Vahdettin ve hükümetinin işbirlikçi tutumlarını iyi bilen, teslimiyetçi politikalarını değerlendiren, emperyalist işgalcilerle birlikte nasıl engeller çıkaracaklarını, ne tür tuzaklar kuracaklarını şaşmaz bir isabetle öngören Mustafa Kemal, onların ulaşmasının güç ve fakat Anadolu’nun tam ortasında, ikmal yolları üzerinde, cephelere çok uzak olmayan stratejik bir mevki, özellikle de ilk günden itibaren Müftü Börekçizade Mehmet Rıfat Efendi (4 Nisan 1924’den vefat ettiği 5 Mart 1941 tarihine kadar Cumhuriyetin ilk Diyanet İşleri Başkanı) öncülüğünde Kuvayı Milliye’yi destekleyen bir kasaba olduğu için milli mücadelenin yönetim merkezi olarak Ankara’yı seçmişti. 

16 Mart 1920’de işgal edilen Mütareke İstanbul’u ihanetin ve teslimiyetin adıydı. Ankara ise yoksuldu belki, ama namuslu ve inançlıydı. Türk ulusunun kalbi artık Ankara’da atacaktı. 
Para yoktu, bulundu.
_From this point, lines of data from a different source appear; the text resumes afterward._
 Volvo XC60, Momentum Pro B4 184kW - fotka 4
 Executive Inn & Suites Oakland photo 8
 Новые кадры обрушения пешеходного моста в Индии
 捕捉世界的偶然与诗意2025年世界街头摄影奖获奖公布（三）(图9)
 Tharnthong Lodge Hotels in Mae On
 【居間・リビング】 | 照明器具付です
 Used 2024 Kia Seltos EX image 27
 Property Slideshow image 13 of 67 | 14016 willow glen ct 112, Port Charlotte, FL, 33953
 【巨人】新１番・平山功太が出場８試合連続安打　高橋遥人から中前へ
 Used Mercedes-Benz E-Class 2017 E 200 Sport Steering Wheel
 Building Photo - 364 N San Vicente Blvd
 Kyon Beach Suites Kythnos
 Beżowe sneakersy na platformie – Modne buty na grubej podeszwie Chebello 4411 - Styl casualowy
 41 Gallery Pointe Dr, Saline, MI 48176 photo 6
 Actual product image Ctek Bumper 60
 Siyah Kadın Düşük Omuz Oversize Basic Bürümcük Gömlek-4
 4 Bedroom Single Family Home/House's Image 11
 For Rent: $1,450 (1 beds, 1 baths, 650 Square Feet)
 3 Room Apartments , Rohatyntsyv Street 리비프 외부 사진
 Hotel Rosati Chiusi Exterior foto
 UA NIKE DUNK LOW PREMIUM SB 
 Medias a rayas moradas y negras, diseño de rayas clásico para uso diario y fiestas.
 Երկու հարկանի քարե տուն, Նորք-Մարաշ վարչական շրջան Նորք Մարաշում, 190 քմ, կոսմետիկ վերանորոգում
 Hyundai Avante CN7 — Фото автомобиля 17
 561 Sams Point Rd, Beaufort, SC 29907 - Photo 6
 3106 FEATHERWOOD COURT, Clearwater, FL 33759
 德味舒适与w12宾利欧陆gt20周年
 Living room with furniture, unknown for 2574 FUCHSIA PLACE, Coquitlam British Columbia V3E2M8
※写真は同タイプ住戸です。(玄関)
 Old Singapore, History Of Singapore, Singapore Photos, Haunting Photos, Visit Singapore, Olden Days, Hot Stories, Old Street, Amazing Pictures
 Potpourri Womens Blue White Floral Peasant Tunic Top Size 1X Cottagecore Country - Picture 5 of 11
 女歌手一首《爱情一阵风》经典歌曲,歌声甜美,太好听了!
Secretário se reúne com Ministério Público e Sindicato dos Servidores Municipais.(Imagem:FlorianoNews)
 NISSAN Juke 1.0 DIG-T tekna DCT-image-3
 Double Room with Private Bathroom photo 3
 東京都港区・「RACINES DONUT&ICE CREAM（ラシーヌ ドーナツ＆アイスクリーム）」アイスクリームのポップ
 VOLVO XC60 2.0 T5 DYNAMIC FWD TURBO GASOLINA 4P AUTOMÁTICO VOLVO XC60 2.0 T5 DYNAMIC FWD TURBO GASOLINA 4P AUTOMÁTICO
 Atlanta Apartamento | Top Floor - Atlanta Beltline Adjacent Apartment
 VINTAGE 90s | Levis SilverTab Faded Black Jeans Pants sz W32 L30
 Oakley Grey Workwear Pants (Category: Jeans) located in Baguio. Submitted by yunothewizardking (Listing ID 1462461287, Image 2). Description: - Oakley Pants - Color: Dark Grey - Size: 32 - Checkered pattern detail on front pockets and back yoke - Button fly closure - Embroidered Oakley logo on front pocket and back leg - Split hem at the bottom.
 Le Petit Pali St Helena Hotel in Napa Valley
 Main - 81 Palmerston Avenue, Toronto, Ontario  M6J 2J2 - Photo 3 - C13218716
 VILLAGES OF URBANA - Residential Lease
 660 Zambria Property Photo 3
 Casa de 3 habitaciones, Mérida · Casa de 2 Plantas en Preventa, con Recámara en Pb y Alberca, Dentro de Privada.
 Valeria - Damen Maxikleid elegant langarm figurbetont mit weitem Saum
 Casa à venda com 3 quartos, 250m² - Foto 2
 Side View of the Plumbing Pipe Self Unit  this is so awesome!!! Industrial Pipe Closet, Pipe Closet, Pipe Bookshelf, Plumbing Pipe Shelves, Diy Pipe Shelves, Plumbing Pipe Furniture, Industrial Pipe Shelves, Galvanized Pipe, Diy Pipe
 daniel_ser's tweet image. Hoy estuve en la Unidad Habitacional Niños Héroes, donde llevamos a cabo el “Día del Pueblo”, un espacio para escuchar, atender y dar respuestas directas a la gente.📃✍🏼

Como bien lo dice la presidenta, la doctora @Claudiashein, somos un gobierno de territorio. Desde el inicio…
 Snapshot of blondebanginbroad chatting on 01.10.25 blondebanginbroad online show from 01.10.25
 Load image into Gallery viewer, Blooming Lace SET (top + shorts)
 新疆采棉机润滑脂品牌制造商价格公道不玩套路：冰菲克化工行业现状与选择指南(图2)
Ordu yoktu, kuruldu. Silah yoktu, alındı. Meclis yoktu, açıldı. Hain çoktu, ezildi. Millet yılgın ve yorgundu, ayağa kaldırıldı, Gazi’sinin çağrısıyla nesi var nesi yok askerine gönderdi, kadın, erkek ve çocuk 3 yıl 3 ay 22 gün tarihin en haklı, en onurlu savaşını verdi, 9 Eylül 1922’de işgalcileri ve işbirlikçi hainleri İzmir’ de denize döktü, bağımsızlığını kazandı. 

O yoksul Ankara, Atatürk’ün gelişinden 4 yıl sonra ve Cumhuriyet’in ilanından 16 gün önce, 13 Ekim 1923’de sonsuza dek Türkiye’nin Başkenti oldu. 
Emperyalistler ve ihanet İstanbul’unun işbirlikçi çevreleri Mustafa Kemal’i de, Ankara’nın Başkent oluşunu da, cumhuriyeti de kabul etmek istemediler. 1923’de Lloyd George’un, 1924’de Amiral Francis Sinclair’in küstah sözlerine bel bağlayıp “Kemal’in çömez Cumhuriyeti’ni 2 yılda yıkma” hayalleri kurdular. Elçiliklerini yıllarca Ankara’ya taşımadılar. Ancak Kemalist Cumhuriyet gelişip güçlenerek dünyanın en saygın ülkelerinden biri, Başkenti Ankara da hızla çağdaş bir kente dönüşerek aydınlanma devrimleri ile çağ atlayan Türkiye’nin bilim, kültür ve sanat merkezi oldu. 
Atatürkçü Düşünce Derneği olarak; büyük Atatürk’ü, kuvayı milliye kahramanlarımızı, Kemalist devrimcileri, bu toprakları kanları ve canlarıyla vatan yapan aziz şehit ve gazilerimizi minnetle, şükranla, saygıyla anıyoruz. 
Atatürk’ün Ankara’ya gelişinin 103. yılı kutlu olsun.”